Understanding & Managing Generation Y: Feature Article; V2 Issue 2

Understanding and Managing Generation Y

Shubham listens to his ipod and leaves messages for his friends in orkut… all this while he is working at home on his office project. Jagjith who says exactly what he feels about making improvements in the workplace also likes to collaborate with his peers online to find solutions to the technical problems in his project.  Raina attends yoga classes in the mornings. After work in the evenings she volunteers for an NGO. During weekends she treks extensively. Meet the Generation Y! Who are they? Let’s find out!

Who is Generation Y and why should you want to manage them?

Generation Y are those born between 1980 and 2000. They are even called the Millennial Generation, the Internet Generation, the Nintendo Generation, the Digital Generation and the Sunshine Generation. They are the children of active, involved parents and the younger siblings of Gen Xers ie., a generation born from the mid1960s to the late 1970s. With penpals across the world, the first generation to grow up surrounded by digital media, they see things as global, connected, and of course open for business 24/7.  And what is important for you is that today they are the fastest-growing segment of the workforce. You would be recruiting them from campus. You would be finding replacements for them when they leave your company to join another one. You would be working with them. You need to manage them. And so, you need to know more about them!

Characteristics of Generations Y

Even if you don’t identify them by their age, Generation Y is not very difficult to spot because of the following characteristics which define them:-
1. Confidence: Having been raised by parents believing in the importance of self-esteem, they ooze confidence.
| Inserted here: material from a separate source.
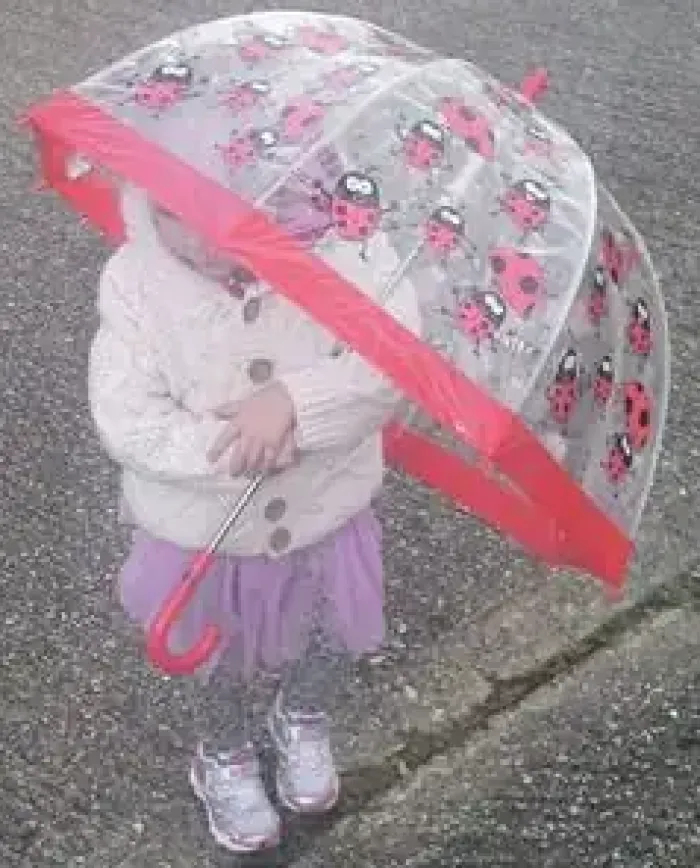Kids Dome Umbrella|Boys Umbrellas-Umbrella Heaven LADYBIRD PVC Kids Umbrella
Confidence in the way they speak out about issues that bother them, confidence in the way they carry themselves and confidence to tackle any challenge!

2. High expectations from self: They expect to achieve great things and solve problems nobody has solved and do more work, better and faster than anybody else. Sounds familiar?

3. High expectations from others: They also have high expectations from you - their employers and managers. Expectation that you will know their needs, help them succeed and reward them accordingly. They expect you to be honest and direct and fair and highly engaged in every step of their professional development.

4. Optimism: They believe in a bright future which has a special place for them as well. They expect a workplace with all the good things - challenge, collaboration, creativity, fun, and financial rewards. Why do you think they came to work for you?

5. Goal and achievement orientation: They like setting goals, striving for them and achieving them. So don’t be surprised if they arrive first day of work armed with personal goals already defined.

6. Inclusiveness: They are used to being organized in teams and don’t like leaving behind anybody. Workplace diversity is expected by them. They will not hesitate to use their collective power if they feel someone is treated unfairly. 

7. Love for change: Generation Yers don't expect to be doing the same thing tomorrow and day after. Multitasking comes naturally to them. They can juggle between checking e-mail on their Blackberries, talking on cell phones and surfing on the net.

8. Financial smartness: After witnessing the financial insecurity of earlier generations faced by layoffs and the dot-com bust, today's youngest workers are generally quite savvy about money and savings.

9. Need for work life balance: Unlike the earlier generation for whom career tends to come first, generation Yers are more interested in making their jobs accommodate their family and personal lives. They want jobs with flexibility - telecommuting options, part time or long leaves when children or elders need be taken care etc.

10. Sense of civic duty: They believe in doing things for the greater good. They often volunteer for community services. Naturally they expect companies also to contribute to their communities and have environment friendly operations.

11. Total comfort with technology: Having grown up with online social lives, classrooms and entertainment, the virtual world feels to them like a natural extension of their personal experiences. For them, meeting and interacting online is just as comfortable as face-to-face meetings.


By now can you see the behavior patterns among your team members who belong to the generation Y? Now given this unique pattern of behavior would you say the current ways of managing people would work with this generation? Perhaps not!

Managing Generation Y

Here are some of the things which will work with them.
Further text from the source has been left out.